And that's assuming they even make it past this round. As of Tuesday, the Heat had split the first two games with the Indiana Pacers and forfeited their home-court advantage.
Wait, you say, wouldn't a title for the Heat without Bosh be vindication for James, or at least an answer to his detractors? After all, if the main complaint against the Heat is that it's a team overstuffed with All-Stars, then wouldn't a title with only Dwyane Wade mean James was being forced to operate short-handed?
It's possible, if you're capable of thinking that any team could have James and Wade on its roster and somehow be suffering from a paucity of talent. More to the point, though, it calls into question the very idea of the Big Three. Not a Big Three, but this Big Three, the way they came together, and the reasons they stated for their need to exist. If LeBron and Wade get a Bosh-less title, they are fools for having brought him on board in the first place, right?
From a basketball standpoint, that's a waste. These two guys insist on bringing their buddy along and in the process, they max out Miami's salary cap. Suppose the Heat can get a title without Bosh. Then LeBron and Wade will be criticized for dictating the terms of this team instead of letting wise basketball lifers do the thinking. Nice title, guys. By the way, you're idiots!
But it goes deeper than that. James came to Miami to be part of a team, to make others better. If it turns out he needs less talent around him to succeed, James isn't making people better, he's a player who needs to concentrate mostly on making the most of his own sizable gifts. It may not sound like an important distinction, but it cuts to the quick of how LeBron sees himself and his team in Miami.
James may not need Bosh to win. Wouldn't he rather win with him than without him, though? Isn't that the entire idea behind this phase of his career?

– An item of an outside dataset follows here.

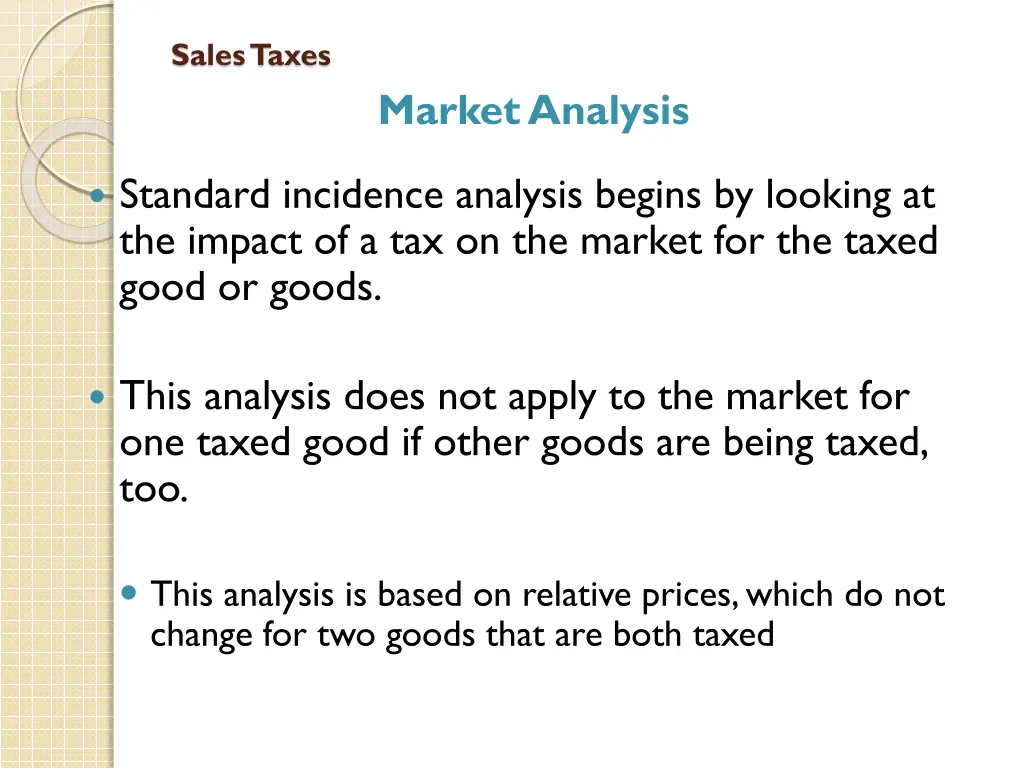 sales taxes 5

Of course, like all criticism directed at LeBron, these hypotheticals proceed from the assumption that he doesn't play on five-man teams like the rest of the league does. Because he's seen as making everything about himself (by his critics, again) the relationship between James and a missing player is all that matters. Never mind that Bosh is a big man and that while James can admirably do some of the same things a power forward or center does, he can't take his place.
Even if the Heat win a title, they could still use a big man. That's an impressive accomplishment, not a sign that the team is better off without Bosh. If they come up short, clearly they could still have used some size. Why is that such a hard concession to make?

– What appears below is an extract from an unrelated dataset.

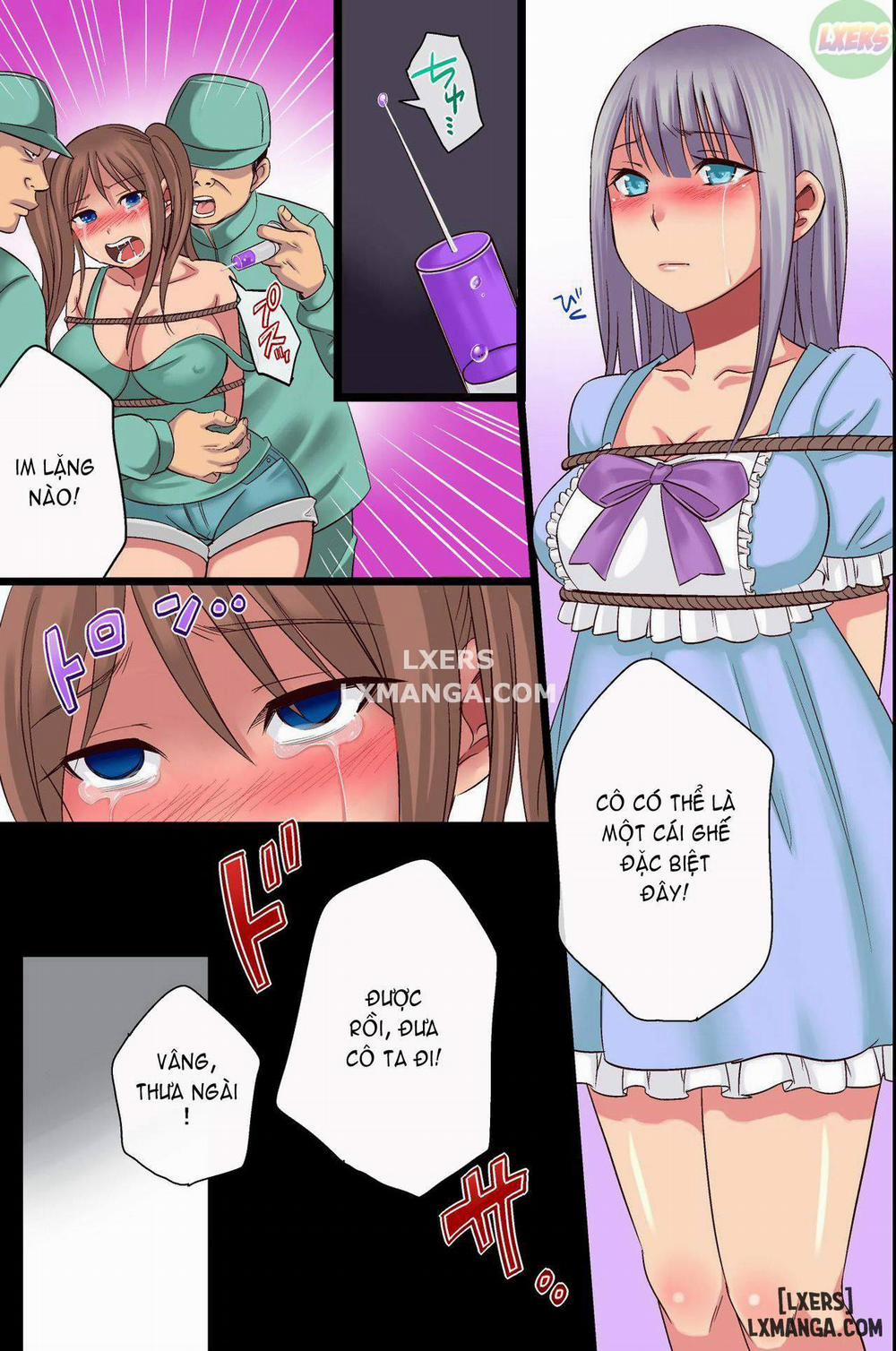 Nyotai Kagu Koujou Oneshot trang 8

But that's never how it is with LeBron James. Everything he does is wrong, even when it's right. The slightest hiccup or miscue becomes a scandal or gross miscarriage of basketball justice. It's not a conversation, it's a bunch of people who hate the dude looking for more reasons to. Actually, they don't want reasons. They want more excuses to repeat themselves, more shapes for the same basic sentiment.
It's not a great sports debate; it's more like the "debate" surrounding our president. To some, whatever Barack Obama does is wrong, no matter how many times it has to be twisted back around itself to end up there. In both cases, there are plenty of folks who are legitimately undecided or conflicted about these public figures. But they have by and large lost interest in talking about it. It's not dialogue, it's a broken record.
So let's see what happens. Can the Heat win without Bosh? Maybe the real question is, can LeBron James ever win at all?